This blog post contains my reflections about the overlapping but distinct roles of therapist, teacher, and supervisor. I have been engaged in all three of these professional roles throughout my career and will share how these experiences have intersected and how my experience in these three roles has evolved over time.
My career began in my 20’s with a goal of becoming a therapist, without an accompanying thought about teaching or supervising. As a graduate student, though, I was able to earn additional income by teaching, so it had a more pragmatic focus than my training as a therapist. One of my early lessons in teaching was that I enjoyed and was much more engaged when I taught material that was related to my growing clinical experience and interests. I was also surprised to discover that I was comfortable in the role of teacher, in part because I am an oldest child and being the “expert” is a familiar role and also because my father was a university professor who modeled patience while helping me with homework when I was stuck.
After getting my doctoral degree and becoming licensed, I devoted myself to my psychotherapy practice and didn’t do any academic teaching for more than ten years. My interest in the activity of teaching didn’t diminish, however, and I found opportunities to do trainings and workshops for psychotherapists both because of the professional satisfaction and as a way to enhance my professional profile in a market that was saturated with therapists. I chose topics that were interesting to me in my professional growth and enjoyed the synergy with my clinical practice. As I met challenges with my clients, I researched ways to be a more effective therapist through consultation, continuing education, and reading. In turn, I then shared these insights with others and added my own experiences. I found that giving a training on a particular topic sharpened my thinking because I had to understand the concepts deeply and thoroughly in order to convey them to others. I also came to enjoy responding to questions for the same reason—answering a question required me to clarify what I thought and why.
My joy of teaching has remained while I have been in an academic department for the last five years teaching students in a master’s program. In addition to the aspects of teaching that I found rewarding initially, I also enjoy the challenge of designing classroom experiences and assignments that lead students toward mastery of intellectual concepts and integration of conceptual knowledge with their capacity for self-awareness and insight.
Shortly after becoming licensed, I was asked to supervise doctoral students in a community based agency, which I agreed to do as another way of expanding my professional involvement. As with teaching, I found the role of supervisor to be comfortable, and I modeled my supervisory style after supervisors and mentors who had contributed to my clinical knowledge and growth. Initially, my approach to supervision was to share what I would do with the client being discussed if I were the treating therapist as well as how I would conceptualize the client’s issues and the therapeutic process. A few years into my supervisory experience, it became evident to me that it was less important to help my supervisees do what I would do with their clients and more important to help them identify the optimal way to respond to clinical situations based on their own personalities, preferences, and styles. This shift gave me a different way to use my experience as a therapist, developing my ability to help supervisees conceptualize cases and evaluate their responses to clients.
As I gained experience with my own clients, I came to appreciate the complexity and ambiguity inherent in the therapeutic process and this led me to a recognition that there is rarely, if ever, a single way to think about or intervene in a clinical situation. Instead, there are often alternatives that are likely to be effective in different ways depending on the unique combination of therapist and client in the relationship. My work as a therapist and as a supervisor reflected more openness and flexibility as I became more comfortable with the balance of knowledge and uncertainty in both roles.
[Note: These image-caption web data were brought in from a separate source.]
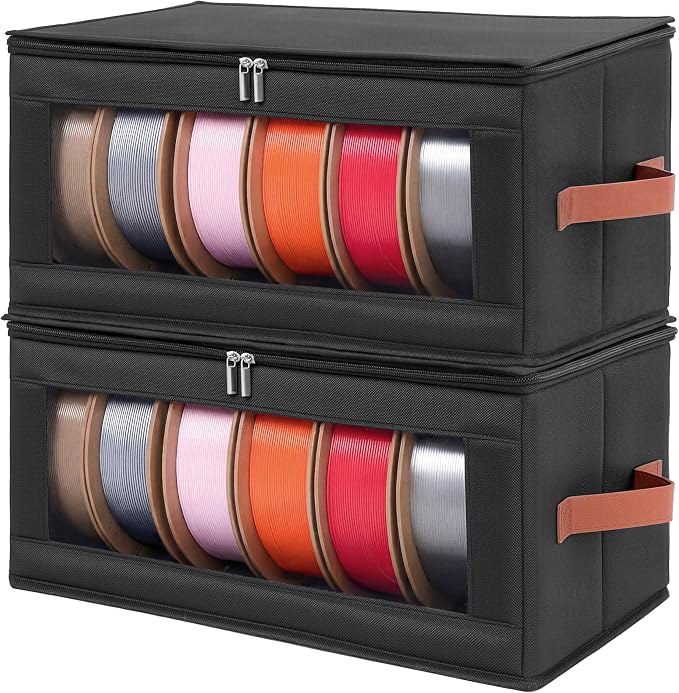 3D Printer Filament Storage Box 2 Pack, Holds 12 Spools Clear Foldable Moisture Proof Organizer with Desiccants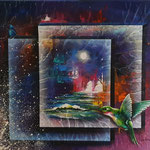 colibri en vuelo   50 x 40cm
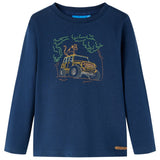 VidaXL Kindershirt mit langen Ärmeln 128 Marineblau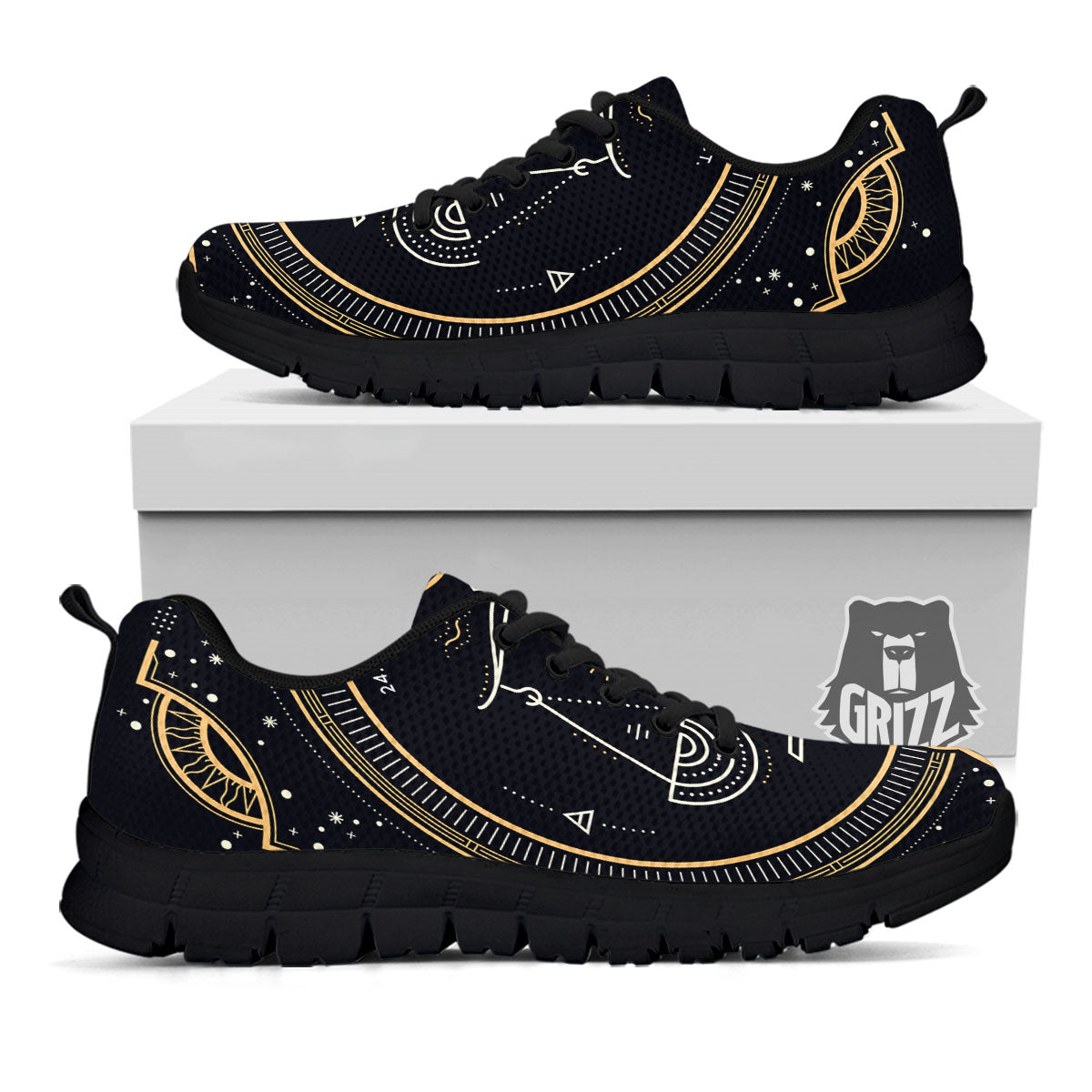 Zodiac Sign Vintage Libra Print Black Sneaker-grizzshop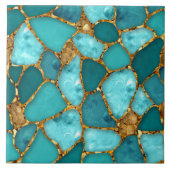 Aqua en Goud abstracte kiezelcellen N2 Tegeltje (Voorkant)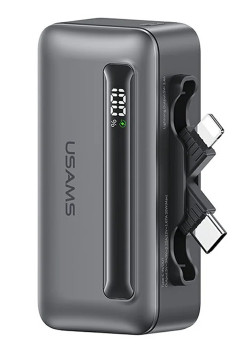 USAMS power bank CD233, USB-C/Lightning έξοδος, 4500mAh, 20W, γκρι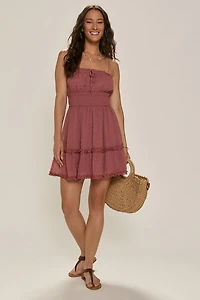 Ezra Clip Dot Mini Dress Terracotta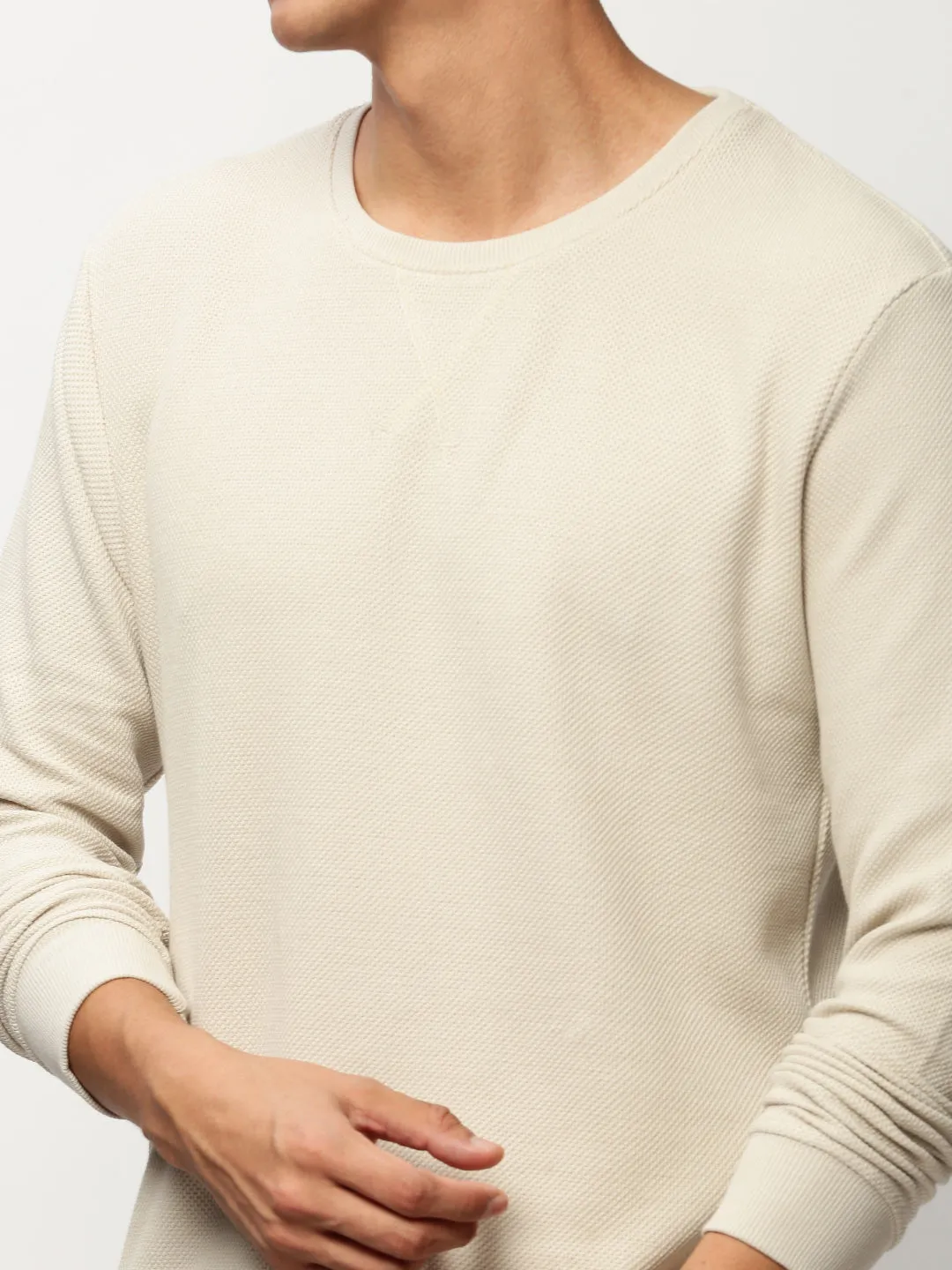 Men Beige Solid Casual Sweatshirts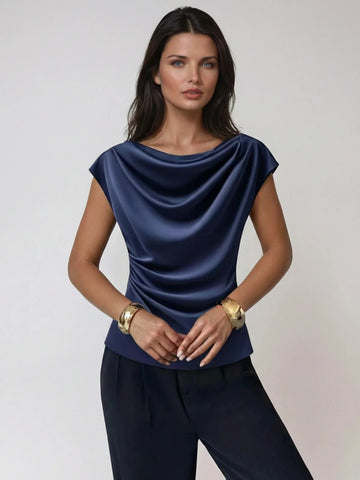 Bamboo Linen Blouse With Crinkle Collar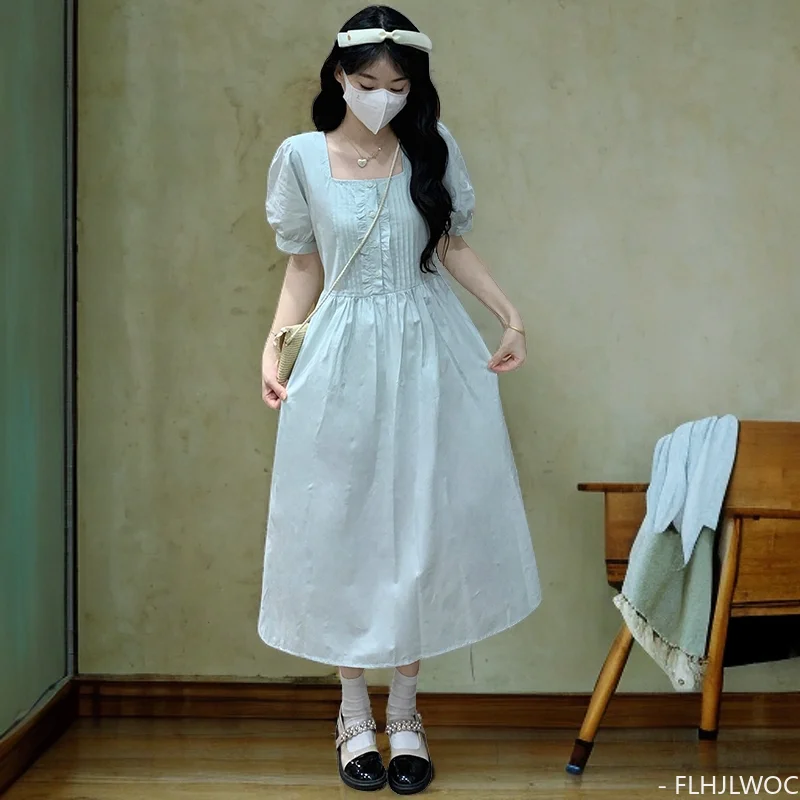 Vestidos lindos con cuello cuadrado Japón niñas mujeres verano manga corta dulce volantes vestido camisero con botones rosas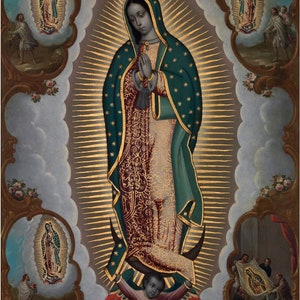 Virgin of Guadalupe with The Four Apparitions Pattern 1773 Year Accent Tile Mural Kitchen Bathroom Wall Backsplash One Tile Ceramic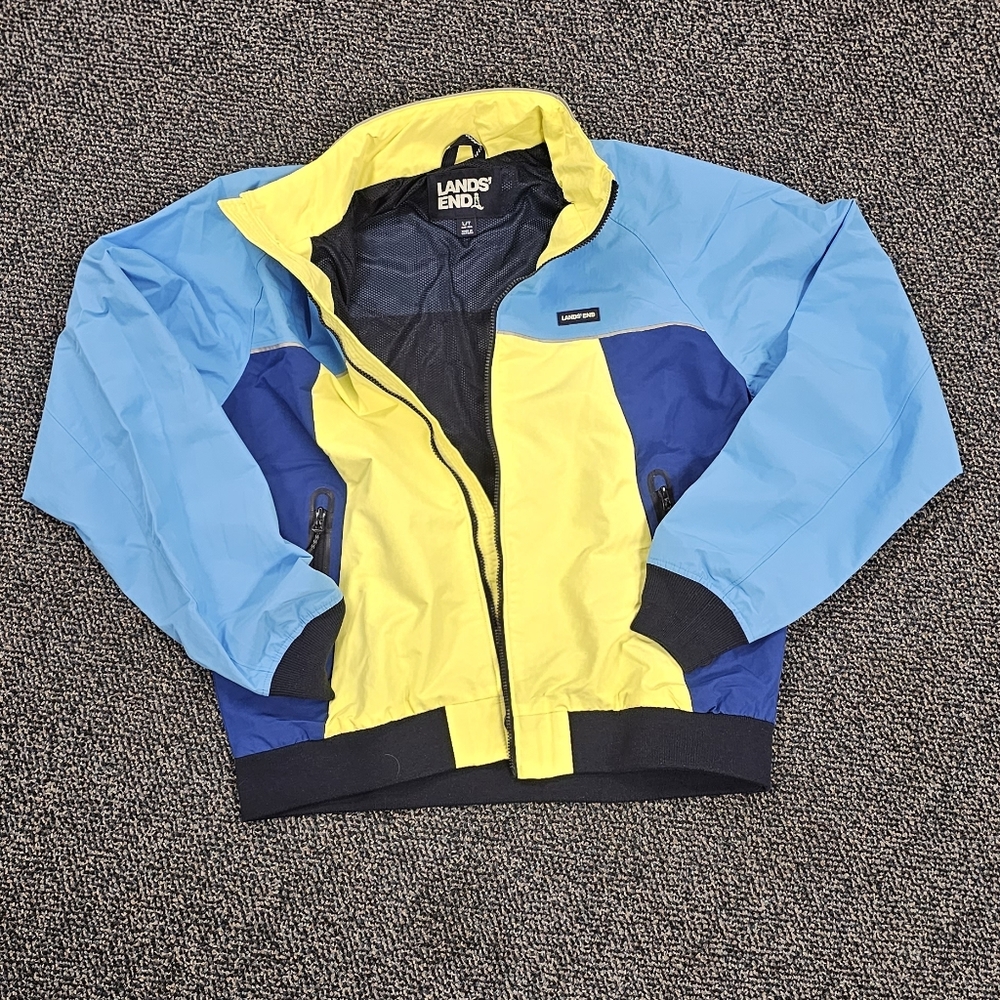 Lands' End Lightweight Colorblock Squall Jacket XLarge 46-48 Yellow MSRP…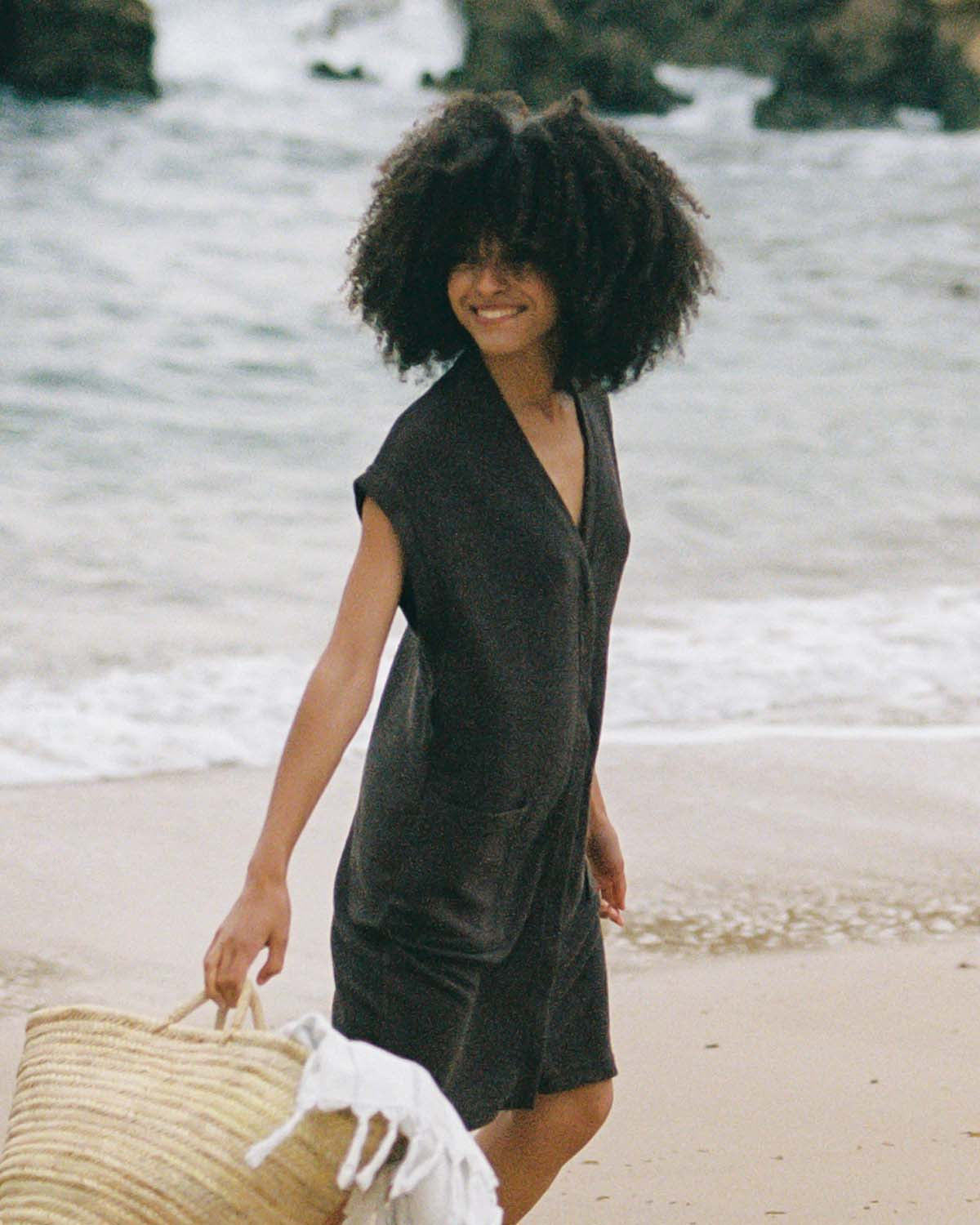 brown cotton terry beach cover-up with pockets and tie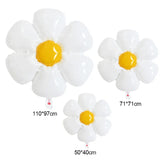 elvesmall  White Daisy Flower Foil Balloon Plumeria Helium Ball Wedding Kids Birthday Party Decoration Baby Shower INS Photo Props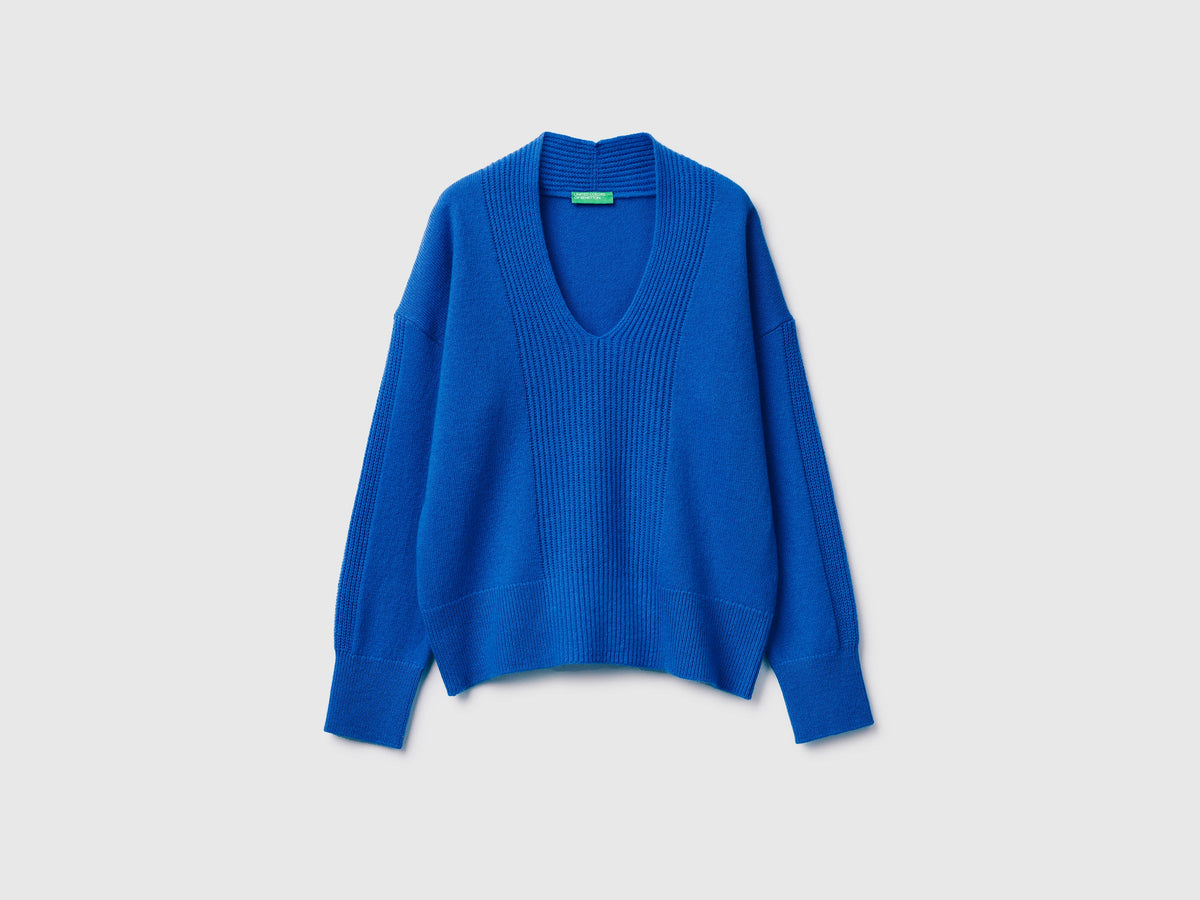 Maglione scollo a V 100% lana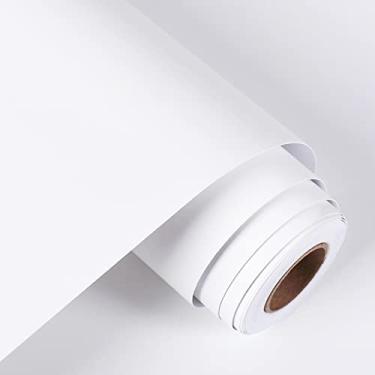 Imagem de WESTICK Papel de parede branco grosso autoadesivo branco para paredes de destaque de quarto, papel de parede fosco para banheiro, armários de cozinha, bancadas 40 x 497 cm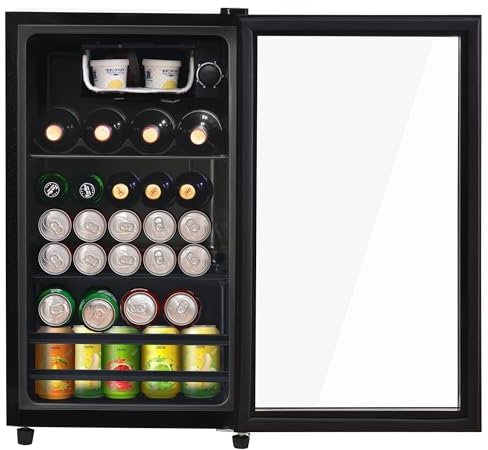 Merax 76L Kühlschrank einbaukühlschrank kühlschrank klein refrigerator Geräuscharmer Betrieb,Kompressorkühlsystem, energieeffizient,verstellbare Einlegeböden,blaue Innenbeleuchtung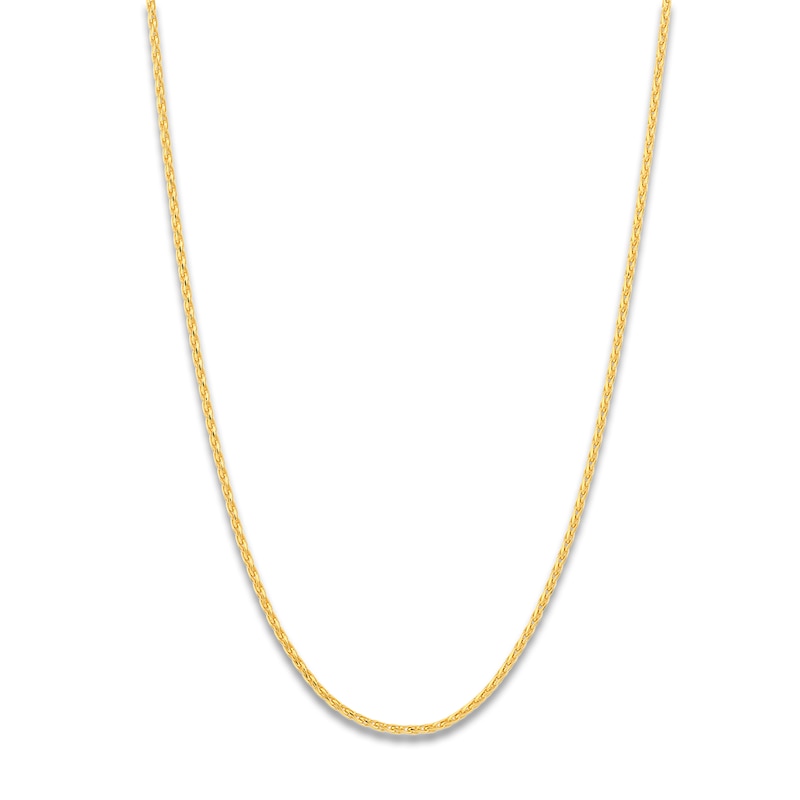 Main Image 1 of Diamond-Cut Round Solid Wheat Chain Necklace 14K Yellow Gold 20" 1.05mm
I feel privileged to have been engaged simultaneously as a therapist, teacher/trainer, and supervisor for over 30 years. Being able to apply my growing clinical knowledge in these three arenas has strengthened my ability in all of them. It has also allowed me to express different aspects of my personality and interpersonal style in the three professional contexts as I develop relationships with clients, students, and supervisees.
If you have an interest in teaching or supervising, I encourage you to look for opportunities to expand your professional life and hope my comments give you some guidance in how you might share your expertise as a therapist with others.